Now, down by the Humber,
another pair of heads fetch up,
in battle-ship grey
beheaded on a bollard
that might as well say
Greenland or bust.
They’re a long, long way from home,
that Esquimaux lad and his lassie,
blind to glass case or estuary,
pondering, since 1847,
Jonah, whalebone corsetry,
what the preachers tell of Heaven,
this place called Hull,
what they warn of Hell.
Hull Tidal Barrier
Monday, 5 February 2018 at 20:26
I've been working on a painting of the River Hull's Tidal Barrier. It's gone through a lot of permutations over the last couple of weeks: the winter light changes rapidly and the the mud is different every day. It's still not quite finished yet, but I hope to put the final touches to it this week.
I've been running out of high vantage points for my cityscapes and am now concentrating on the River Hull, which flows right past the studios. I'm also working on a series of etchings of the river as part of the illustrations for the Voyage for Solo Trumpet poem sequence, and will post a taste of that project shortly.

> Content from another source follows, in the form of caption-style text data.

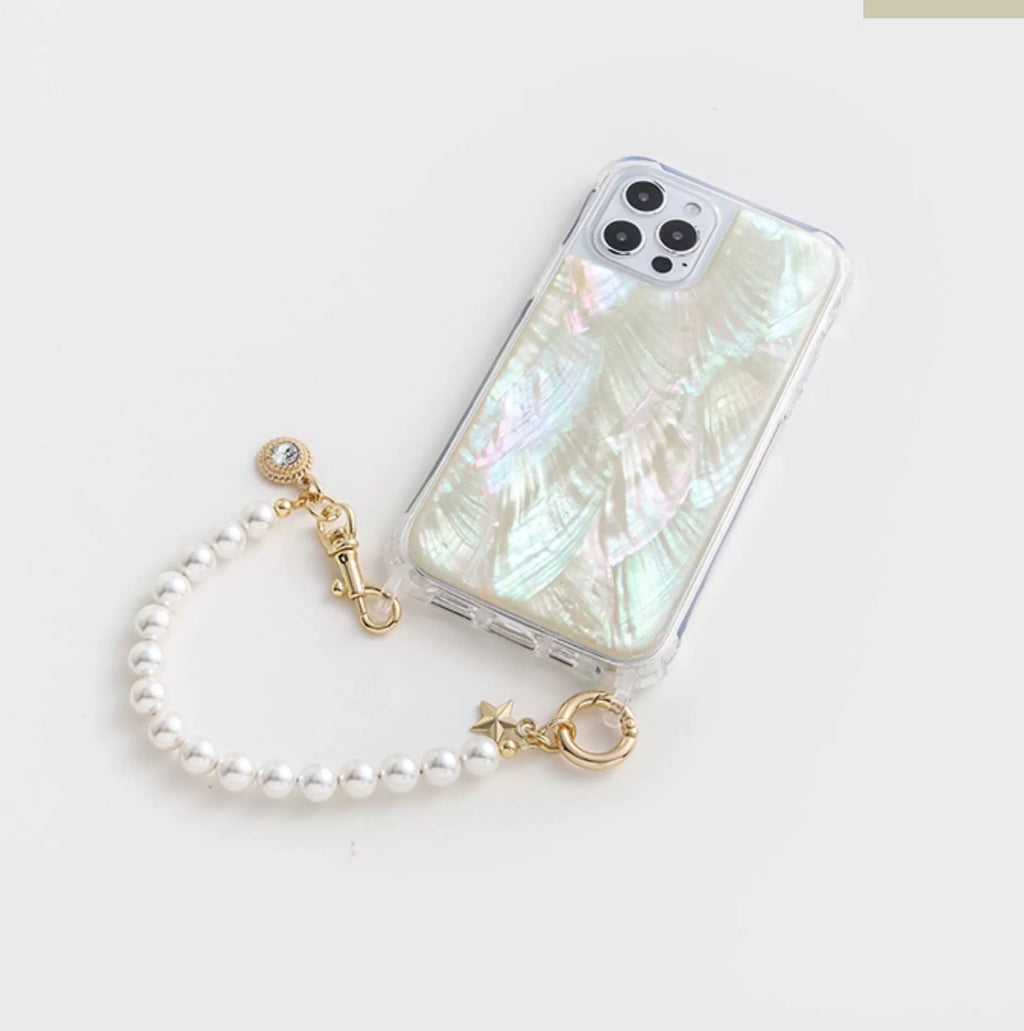 Phone case with pearl charm on a white background from London based gemstone jewellery designer WJY studio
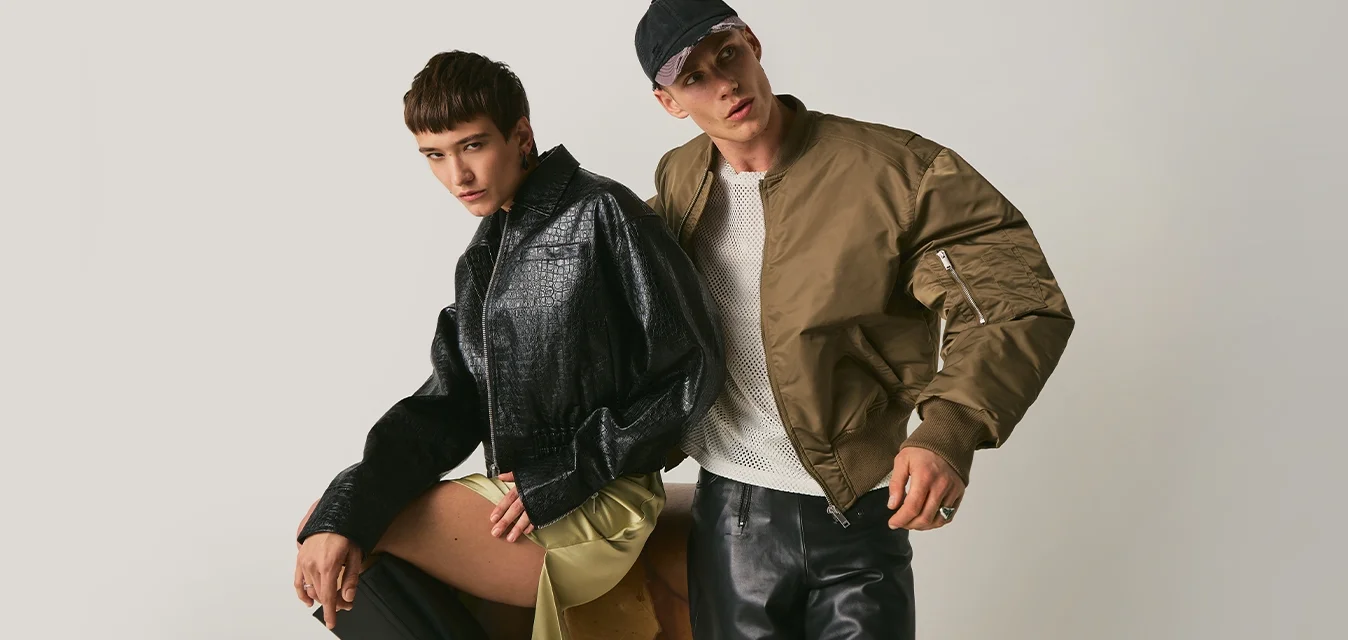 Due giovani uomini indossano giacche alla moda e pantaloni neri, posando su uno sfondo chiaro uniforme, uno seduto e l'altro in piedi con un cappellino.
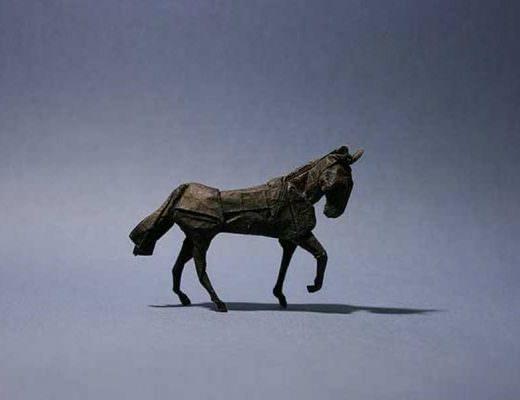 A black horse folded out of paper.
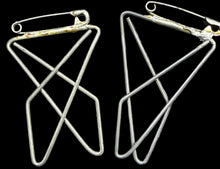 Pair of geometric earrings on a world map background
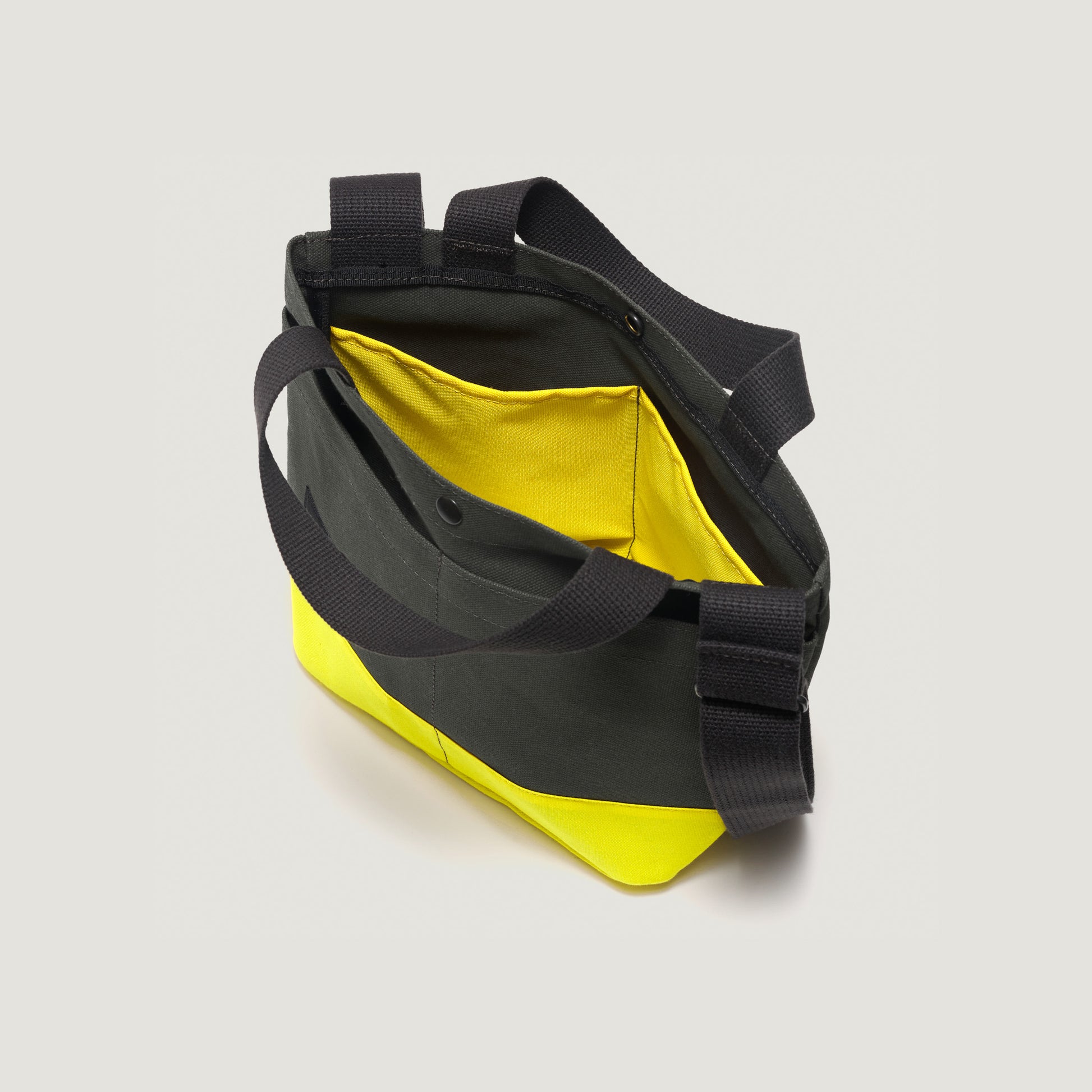 Introducing the New York Tote Small by Bags in Progress, Special Edition in Forest Green/Yellow, featuring two black handles, a shoulder strap, and a visible yellow interior pocket.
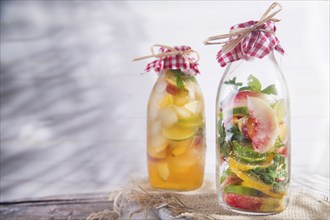 Bottle of infused fruit tea with peach and lemon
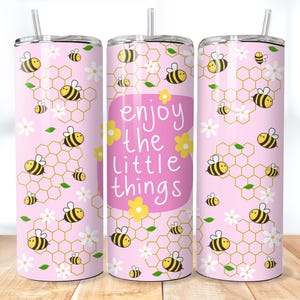 May include: Pink tumbler with a bee design. The tumbler features yellow and black bees, white flowers, and honeycomb patterns. The text "enjoy the little things" is displayed on the front. Includes a silver straw.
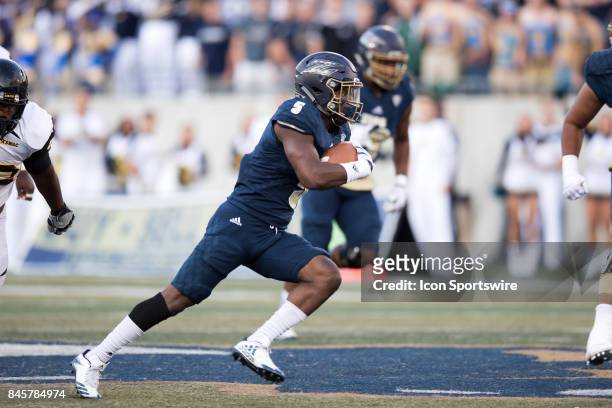 Akron Zips wide receiver Tra'Von Chapman runs after making a catch during the first quarter of the college football game between the Arkansas-Pine...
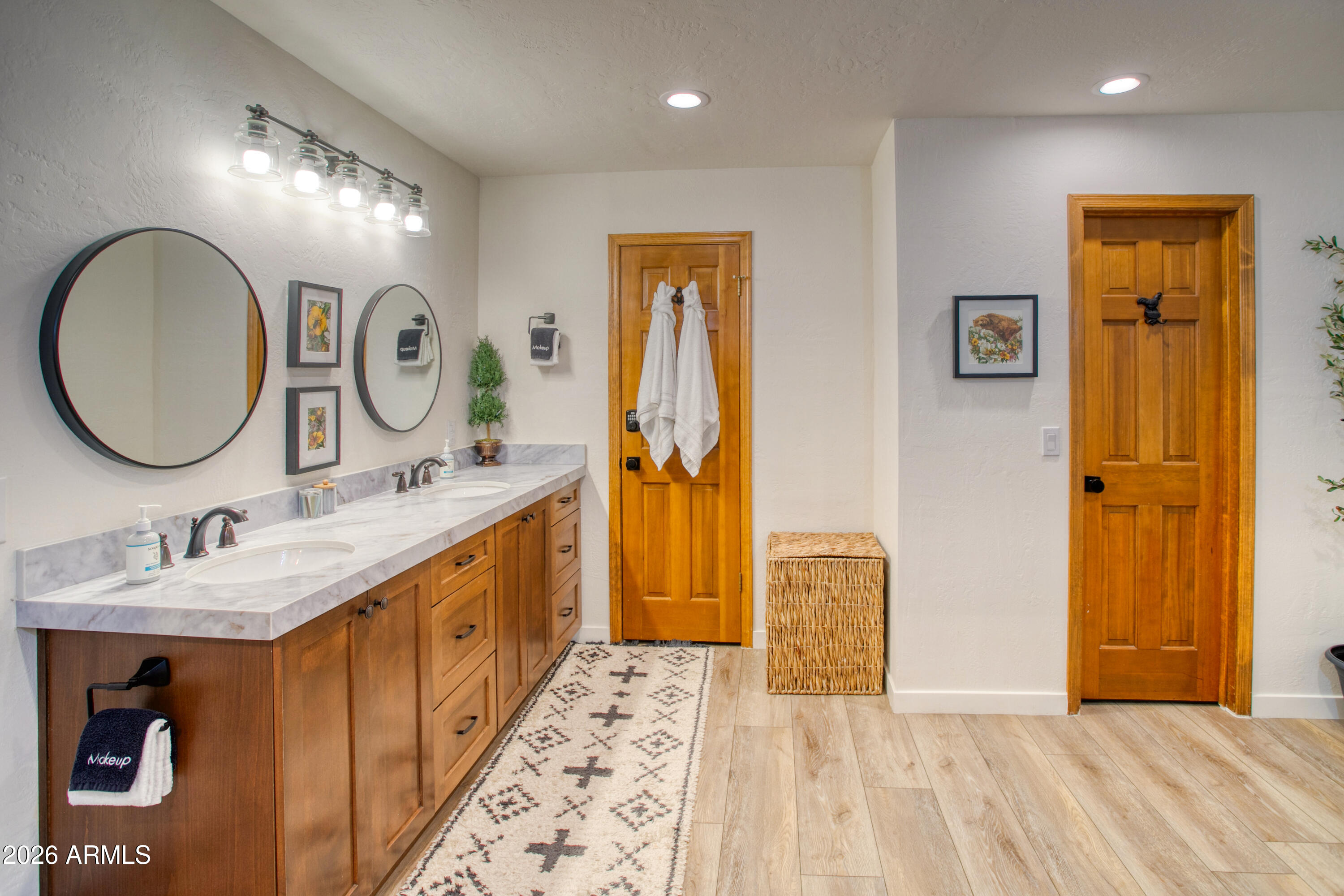 7414 Geronimo Road Pinetop, AZ 85935 - Photo 33 of 67 a bathroom with a double vanity sink and a mirror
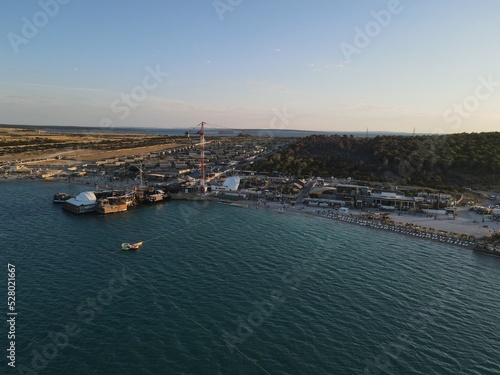 Aerial view of Zrce Beach Festival in Novalja, island Pag, archipelago of Croatia. People partying on a hot summer day on Zrce beach. Zrce beach is the most popular party destination on Adriatic sea. © AerialDronePics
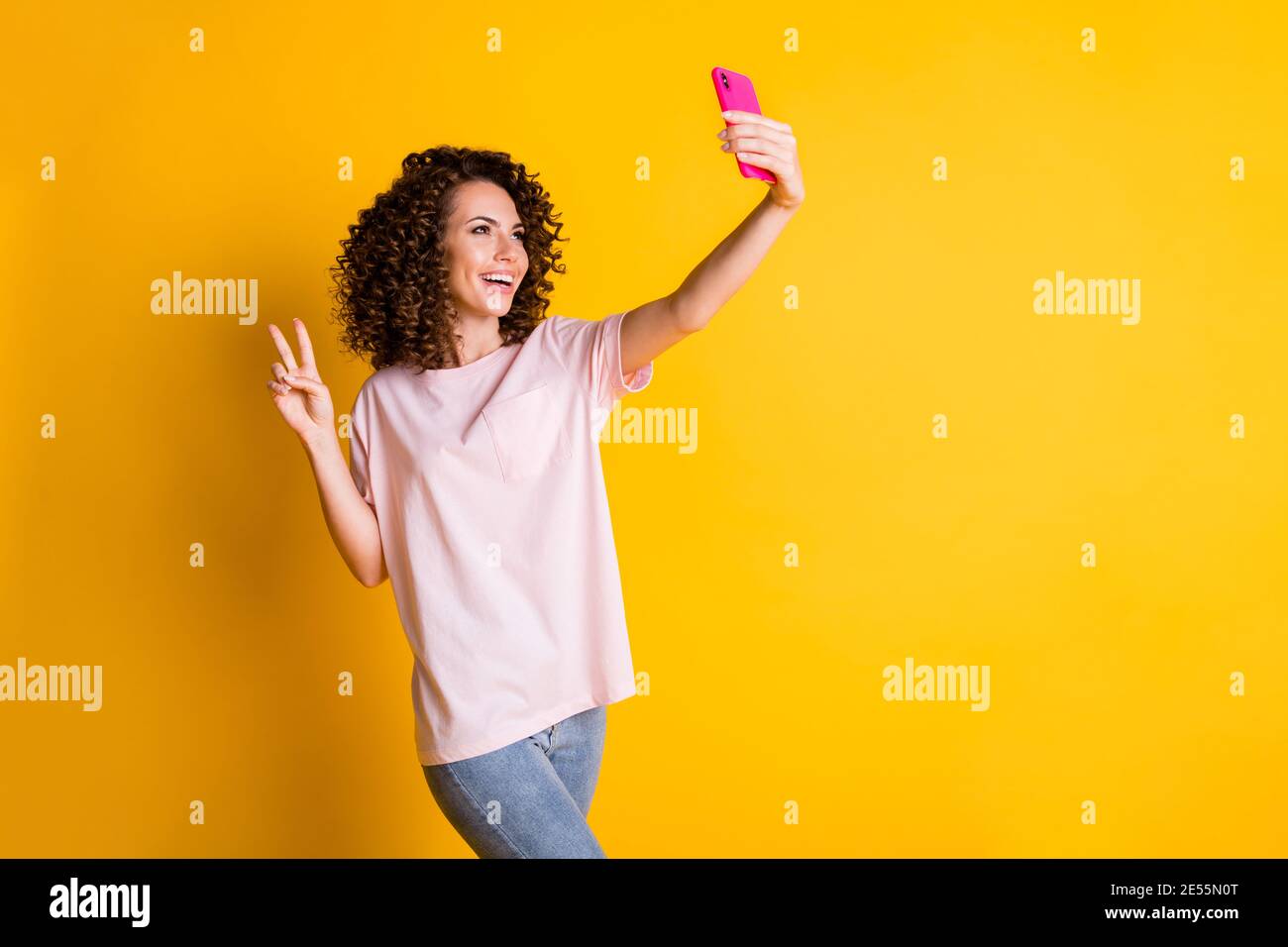 Ritratto fotografico di ragazza riccia che prende selfie dimostrando gesto v-segno pace isolato su sfondo giallo luminoso con copyspace. Foto Stock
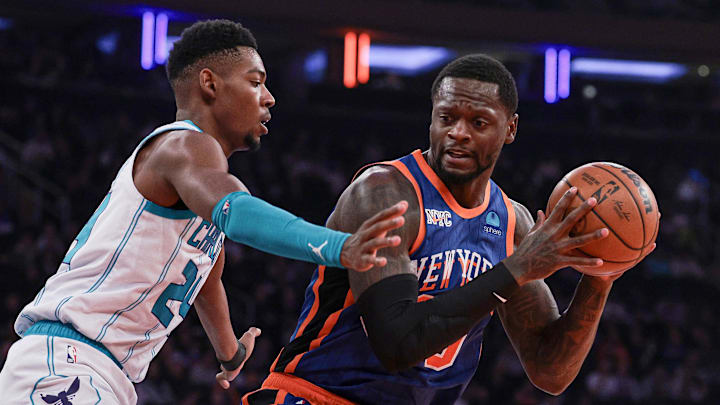 Nov 28, 2023; New York, New York, USA; New York Knicks forward Julius Randle (30) is defended by Charlotte Hornets forward Brandon Miller (24) during the first quarter at Madison Square Garden. Mandatory Credit: Vincent Carchietta-Imagn Images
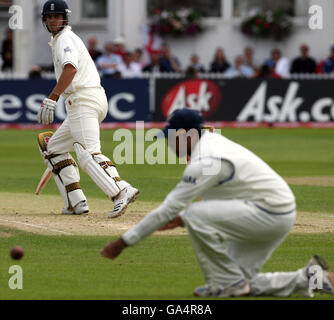 Cricket - npower Second Test - England v India - Day One - Trent Bridge. England's Alastair Cook hits past India's VVS Laxman during the Second npower Test match at Trent Bridge, Nottingham. Stock Photo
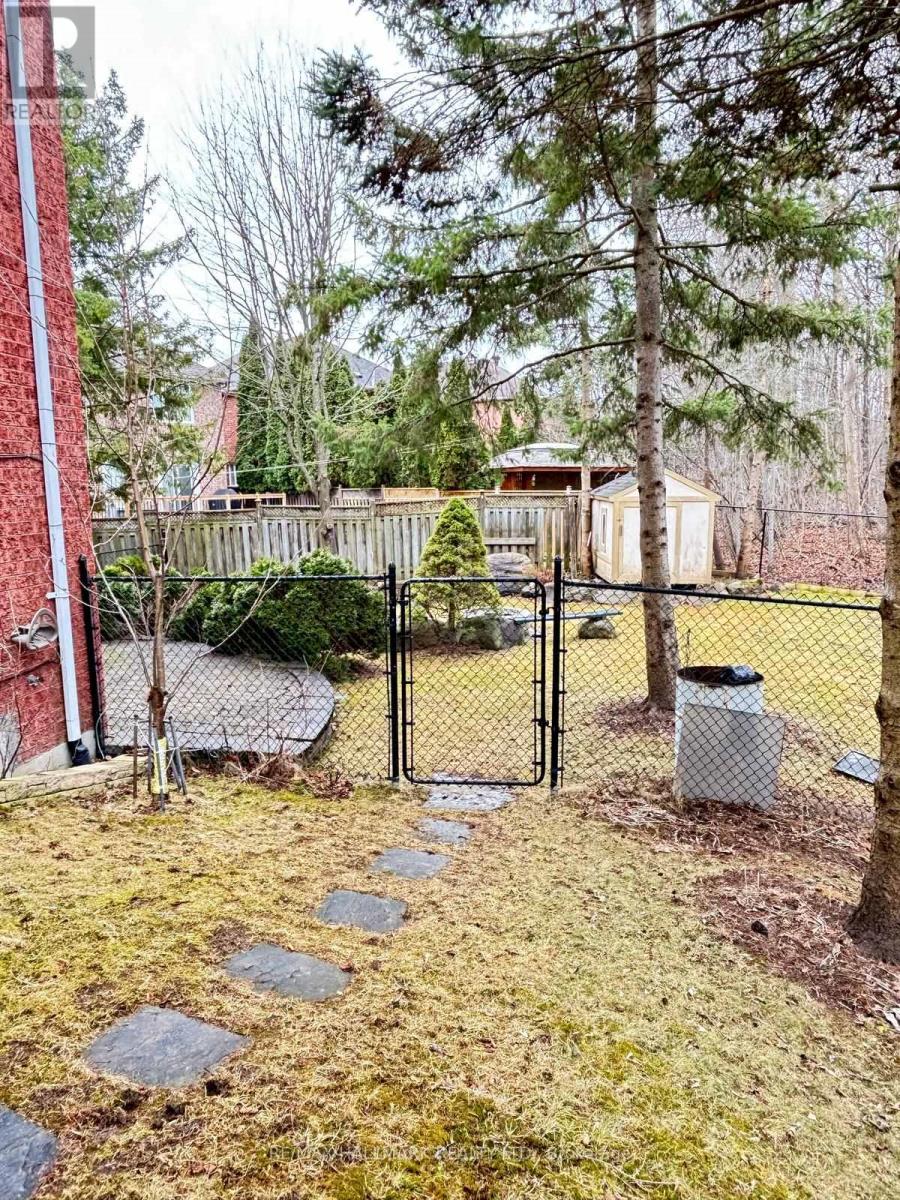 A backyard with a fence, a trash can, and a pathway.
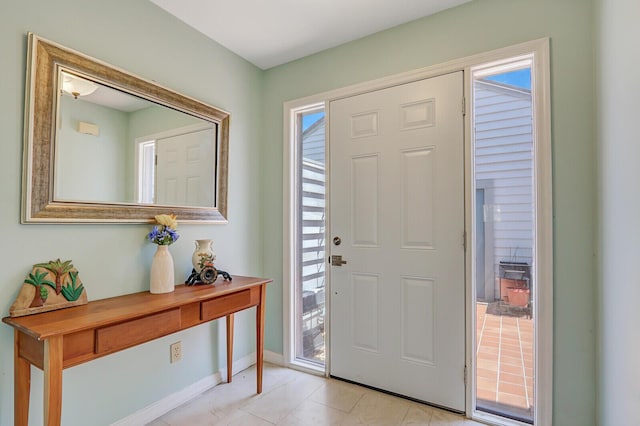 entrance foyer with plenty of natural light and baseboards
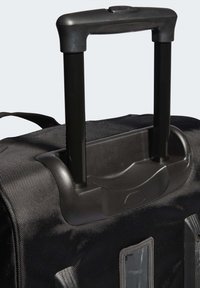 Borsa da viaggio nera in nylon con manico telescopico nero, caratterizzata da un tessuto testurizzato e una base in plastica con pulsante a pressione circolare.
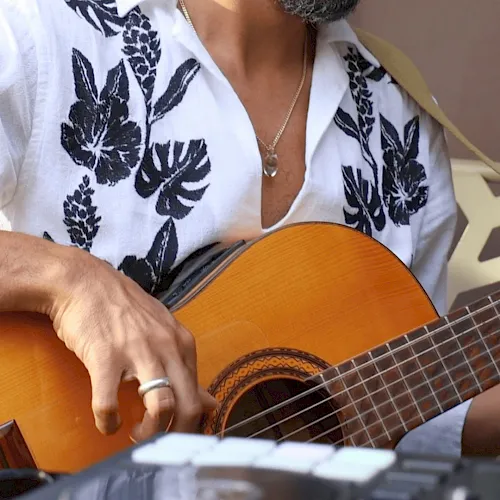 A musician in a floral shirt strums an orange acoustic/classical guitar during a performance.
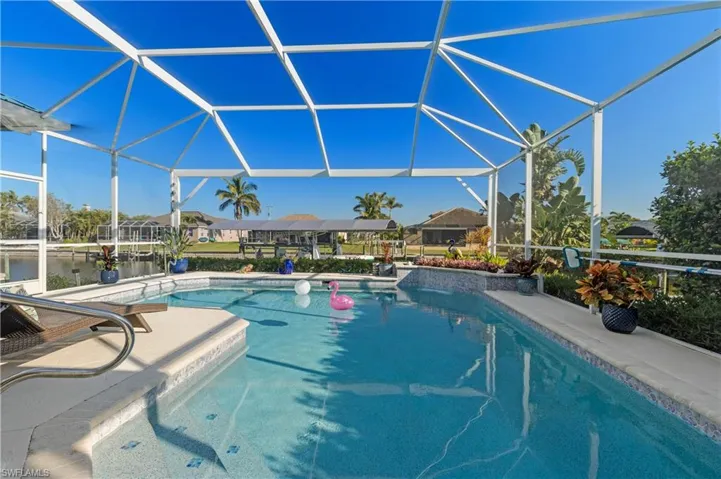 Outdoor pool with a lanai and a patio area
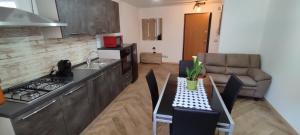 uma cozinha com uma mesa e uma cozinha com um sofá em Manuel Guesthouse Arta terme em Arta Terme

Meanwhile here: a child, a dog and a lone sandpiper (too small to see in this reproduction, but he's there on the river's edge) punctuate the industrial landscape. I suppose this is essentially about gaps and strata: gaps in the railings and reflections; the strata between the primeval mud, old piers, functional tidal barrier and walkway, and the post-modern stylistic mashup of the Premier Inn (which was the vantage point for a previous painting, looking out over the River Hull and the Humber).